Active boundary management leads to improved work ability after about six months

Digital leaders ensure higher job satisfaction
Employees rate their supervisors’ virtual leadership skills more positively over time (increasing from 51.3% from 2020 to 55.6% in 2022), although there are differences by industry (high increase in public administration, teaching. Low increase in sectors where virtual leadership skills were previously rated positively, such as IT).

It has also been proven that better digital leadership skills subsequently lead to increased job satisfaction.

How digital are companies?
The study distinguishes five stages of digital maturity for companies. 47% of companies are in the so-called implementation phase and are currently introducing digital working methods. Only 8% of the companies surveyed said they had reached the highest possible state of virtual collaboration for them (full virtuality).

If one increases the digital maturity level in the company, the stress level initially increases (due to the change). Once a sense of progress is achieved, the stress level drops again. Before it then drops due to the discontinuation of a sense of progress.

A positive correlation between digital maturity and work ability has been demonstrated.

Social Health: Recommendations
Classify which work should the employee do in the home office and which in the office?
Feel free to read our Hybrid Working Whitebook: https://www.mvc.de/arbeiten-im-home-office/

A holistic cross-company work policy doesn’t always make sense.
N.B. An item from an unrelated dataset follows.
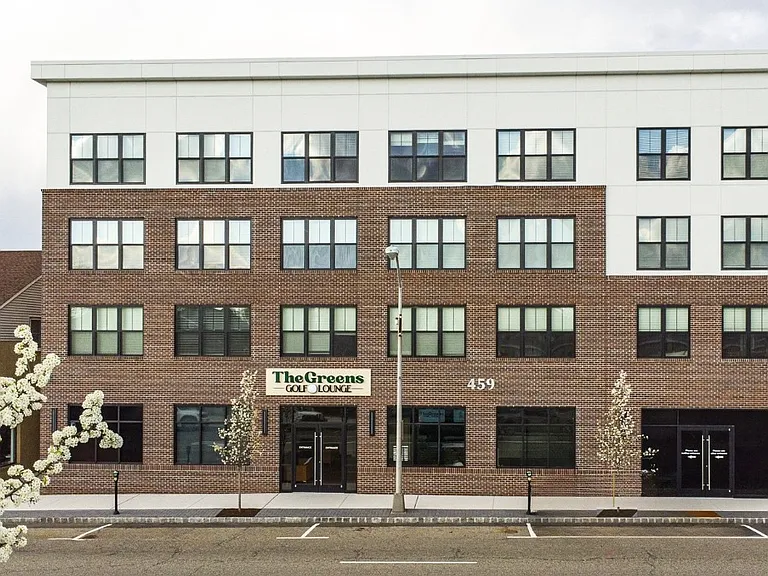 The Central — Photo 1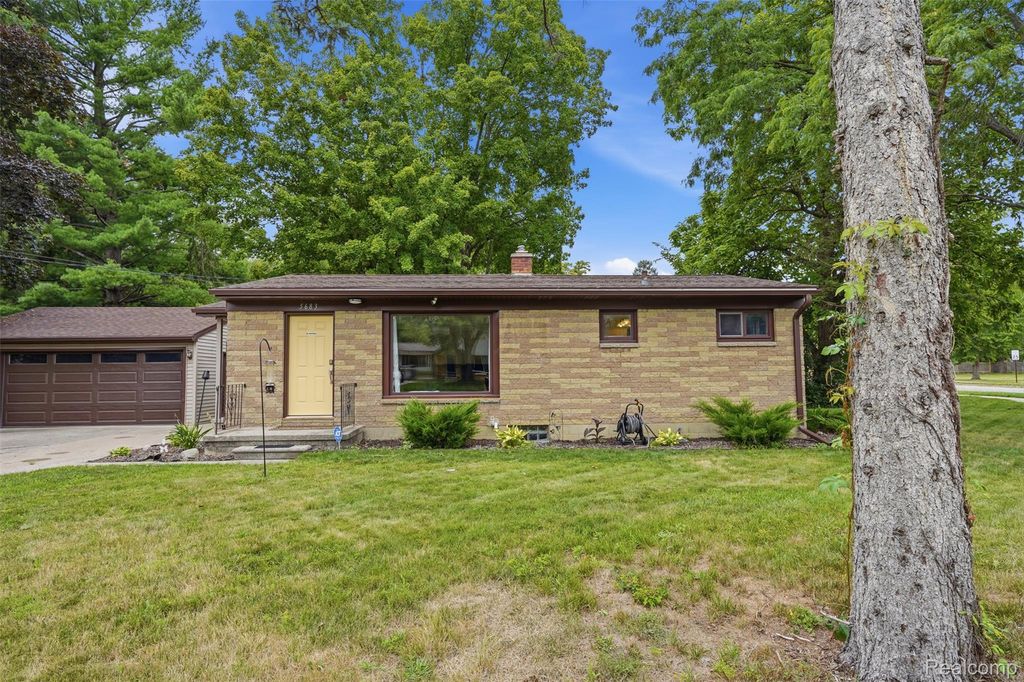 5683 Buckingham Road, Meridian charter township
Different areas have different requirements. One should delegate the work policy to the individual teams.
Furthermore, it makes sense to strengthen the so-called weak links between the organizational units through non-binding exchange opportunities, which do not necessarily have to be technical/content-related. Google has introduced shuttle connections for this purpose, for example, which pick up employees at home in the morning and bring them to work, but which travels different routes each time so that different colleagues always meet on the bus.
There is also great potential in asynchronous work, so that some meetings can be replaced by structured documentation, for example.